We hope to help human users of machine translation understand the potential impact of technologies available to them, so that they can choose their tools based on accurate and reliable analysis. Machine translation cannot be evaluated effectively by pasting a few sample sentences into a web page and reading the result — variability is just too high. Our evaluation on over 1,000 segments, chosen carefully to be representative of professional translation work, clearly shows that the new technologies of neural and adaptive translation are not just hype, but provide substantial improvements in machine translation quality.
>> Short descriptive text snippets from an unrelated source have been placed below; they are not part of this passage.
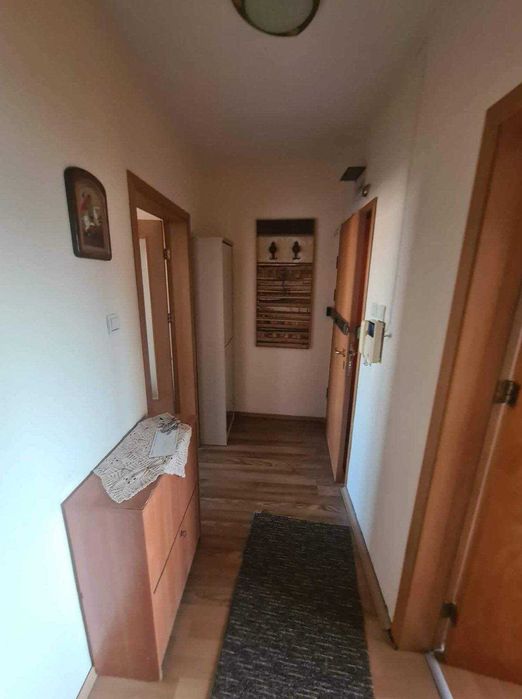 Дава се под наем Двустаен апартамент в Бургас, Център - 50 кв.м за 204 € - Снимка #5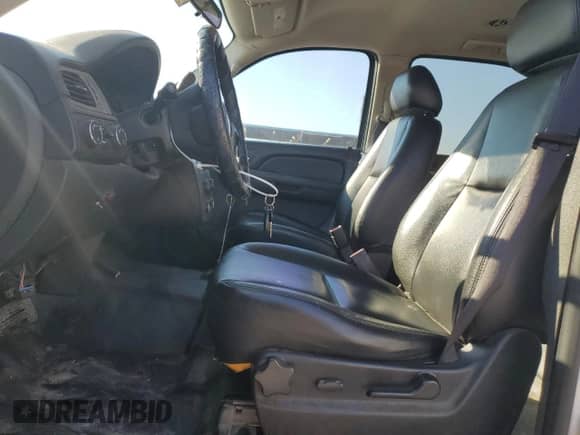 2009 Chevrolet Tahoe Commercial z VIN 1GNFK13049R255580, wystawiony jako Copart lot #88097375 z przebiegiem 199 862 mil mil oraz Szkoda całkowita • Salvage title. Historia ofert i sprzedaży dostępna na DreamBid. Obrazek 7.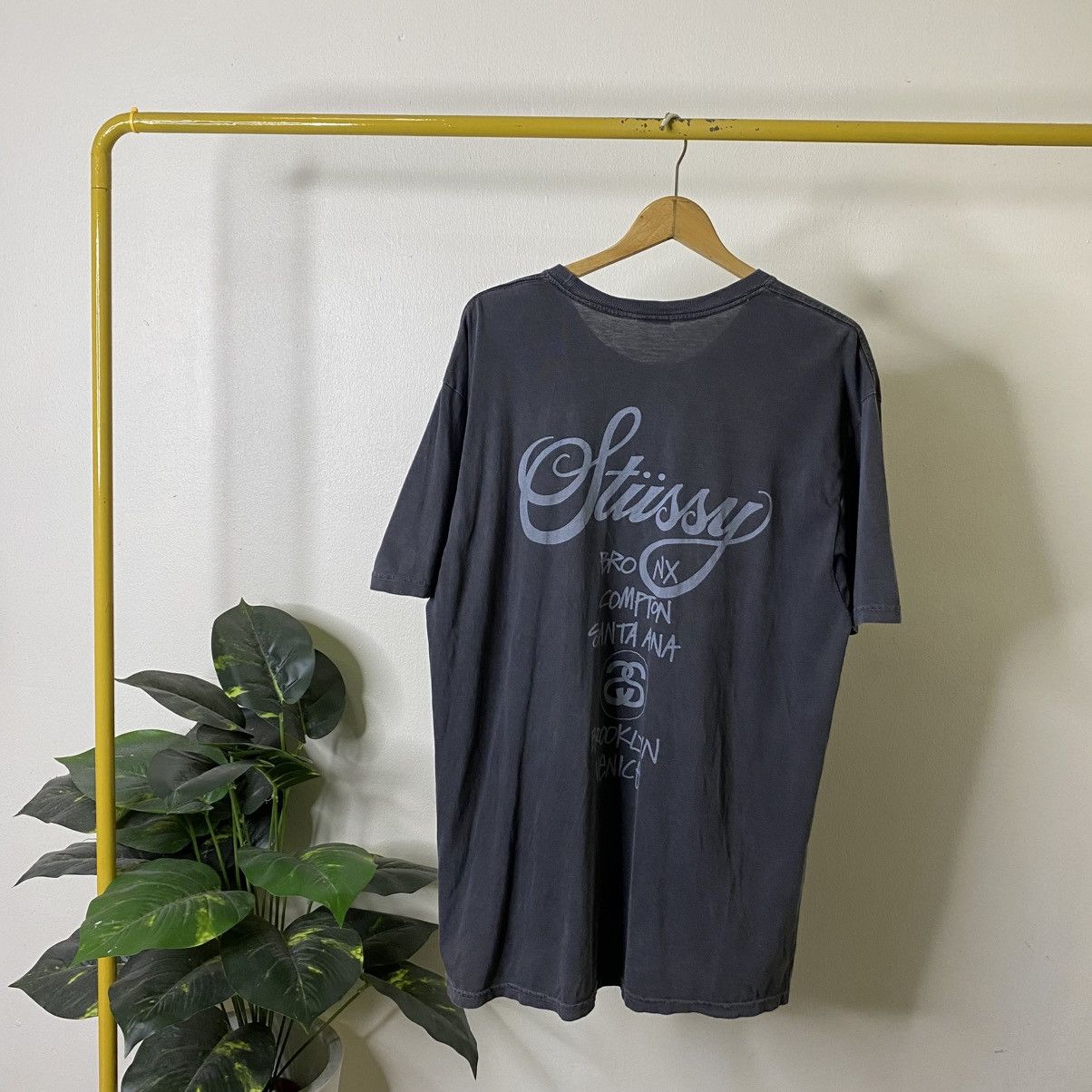 Stussy Vintage Y2K Stussy Tour Washed Gray T Shirt Size US XL / EU 56 / 4 - 6 Thumbnail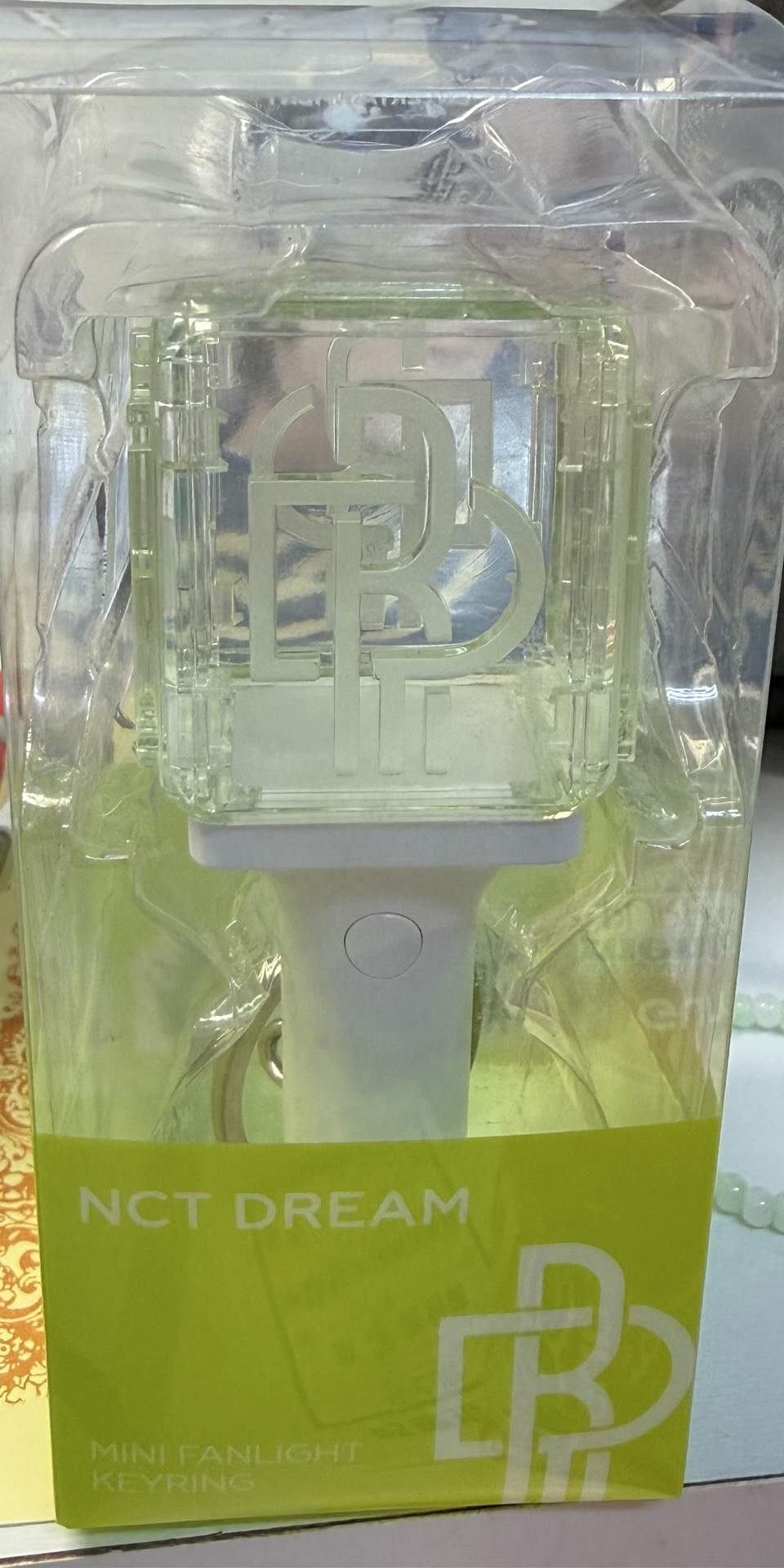 （綁一張卡）恩西踢夢小手燈 有電池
 Yves Scherrer, Luka Nerima, Lorenza Russo, Maria Ivanova, Eric Wehrli (2014).
Proceedings of LREC 2014. Reykjavik, Iceland.
The following data sets were tested for our evaluation but discarded when it became obvious that at least one of the systems used it for training:
- PANACEA English-French
- IULA Spanish-English Technical Corpus
- MuchMore Springer Bilingual Corpus
- WMT Biomedical task
- Autodesk Post-editing Corpus
- Travel domain data (from booking.com and elsewhere) crawled by Lilt
Training the adapted systems can be replicated as follows.
- Lilt Adapted: Upload the adaptation data as the only translation memory and score the initial suggestions
- Lilt Interactive: As above, but also simulate the translation process. For each segment take the initial suggestion for scoring, confirm with the reference translation and move on to the next segment. This way, the machine suggestion for the n-th segment has learned on the first n-1 translations.
- Microsoft Adapted: Use Microsoft Translator Hub to create a new system specifying the adaptation data for training. No additional tuning or test data is uploaded, so that Microsoft automatically selects part of the training set for these purposes.
- SDL Adapted: Add the adaptation data to a new local translation memory. Add a new AdaptiveMT engine specific to your project and pre-translate the test set. We assume that the local translation memory data is propagated to the AdaptiveMT engine for online retraining.